Transnet faces huge challenges in fulfilling its role. During the 2003/4 financial year, Transnet suffered a R6,3 billion loss. Its operating profit fell to R187 million from R5,1 billion the previous year. Cash flow and capital reserves were down. Turnover increased by only 5,7% to R43,6 billion. Transnet carried a debt of R27, 8 billion. Its gearing ratio was 83%, when 55 to 60% is a more reasonable benchmark.

Transnet attributed its weak financial position to "inadequate corporate governance, lapses in financial discipline and risk management which resulted in poor operating performances and substantial financial impairments in many businesses within the Group. Inefficiencies, low margins, investment backlogs, aged assets and infrastructure as well as the maintenance costs of under-utilised rail networks and port infrastructure are undermining operational returns".

A key explanation for Transnet’s financial position is SAA’s R15 billion net loss over the past two years. These losses stem largely from hedging activities undertaken by SAA as well as a significant downturn in the global aviation sector post-11 September and the outbreak of SARS. There also had to be a large adjustment in the valuation of SAA’s aircraft due to a drop in market value of aircraft in view of exchange rate differentiations and the poor airline business environment. The hedge book was closed off on 30 June 2004. SAA’s current net exposure is $100 million.
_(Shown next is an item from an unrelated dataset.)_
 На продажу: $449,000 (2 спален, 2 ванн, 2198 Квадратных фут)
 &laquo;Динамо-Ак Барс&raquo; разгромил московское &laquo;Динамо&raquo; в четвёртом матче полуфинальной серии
SAA was technically insolvent at year end and requires further capitalisation of R4 billion with a further R1,5 billion credit line of credit from its parent company to enable SAA to continue operations over the current next year.

Transnet’s losses also have to be explained in terms of the new accounting standards in terms of which it has to report, particularly AC128 and AC133, which deal with asset impairments and fair value adjustments and the valuation of embedded derivatives related to customer service contracts.

Post-retirement liabilities continue to plague the financial position of Transnet with the unfounded obligation at year end valued at R7,6 billion.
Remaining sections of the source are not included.